>>13309899In the first place you need to know basic arithmetic to be able to manage your own affairs as an adult
For the average person, middle- and high-school level math has has essentially just two purposes: in the first place, math teaches you a kind of deductive argumentation/way of thinking which is good to be familiar with; if two statements can be shown through argumentation to be equivalent, and one is known to be true, then the other is also known to be true. Secondly, it exposes you to something which has largely been stripped the curriculum which is the idea that there are questions to which there is a single correct answer and all others are completely wrong. Even the sciences are often taught more dialectical/explorational way--of course, this no surprise; science is based on competing hypotheses. A consequence of the way most courses are taught now is that it's rare you're told that you did something wrong in school outside of math, and this is apparently so unbearable for modern children that the term "Math Trauma" has started getting thrown around. Thus math instills a kind of procedural rigor and respect for correctness.

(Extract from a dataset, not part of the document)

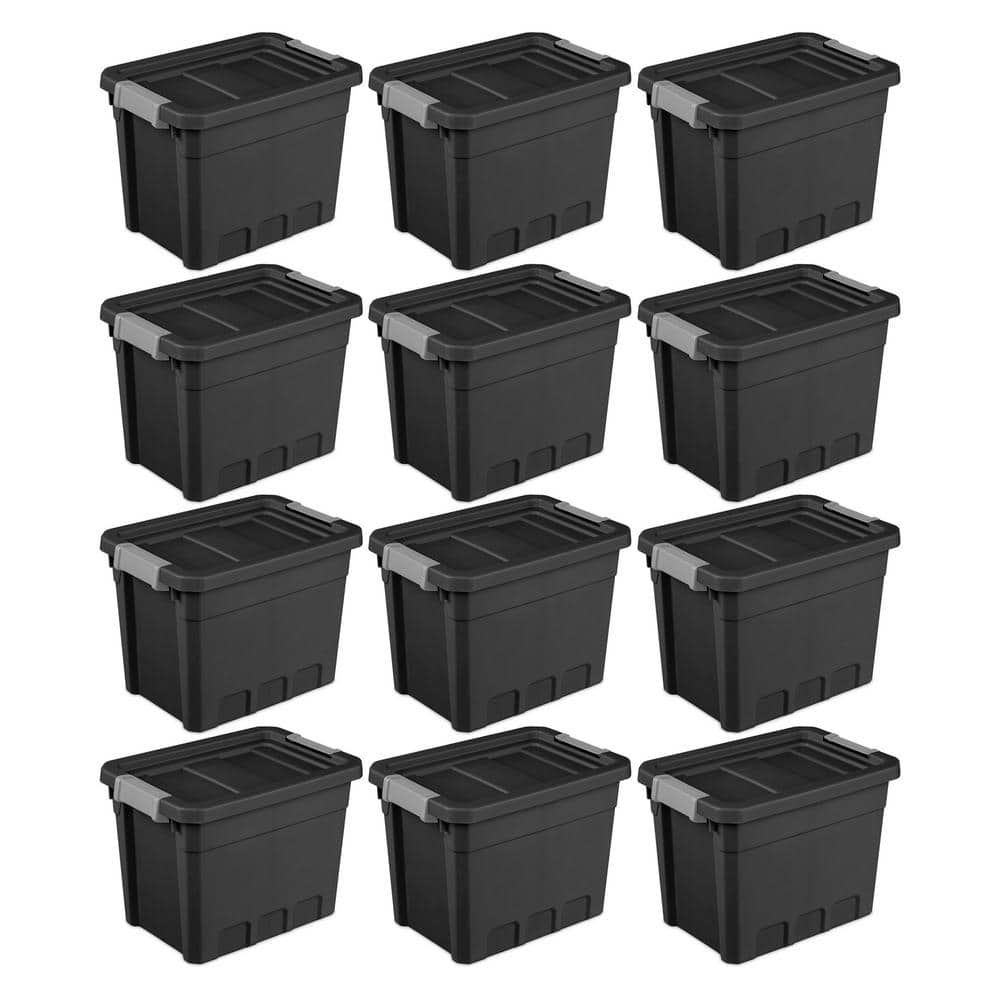 5 Gallon Heavy-Duty Stackable Storage Totes, Plastic Container Bins with  Durable Lids and Secure Latching Buckles for Gardening and Utility  Supplies, Garage Tool Storage, Black, 6-Pack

For people who are not put off by the harshness of arithmetic and who like the procedural rigor, higher math offers a lot. Math is, as a field, very elegant, but it's extremely rare to see this aspect emphasized (especially by incompetent lower-level math teachers). If you spend time with the subject and see it through to calculus or beyond, the way the pieces click together is very beautiful, and math earns its historical importance. Finally, after a certain point, math becomes almost purely conceptual, and the wrong/right distinction evaporates from the praxis. A mathematician's experience of doing math (to use a cliche) is really quite close to that of an artist. Higher math is largely exploration of ideas and subsequent application.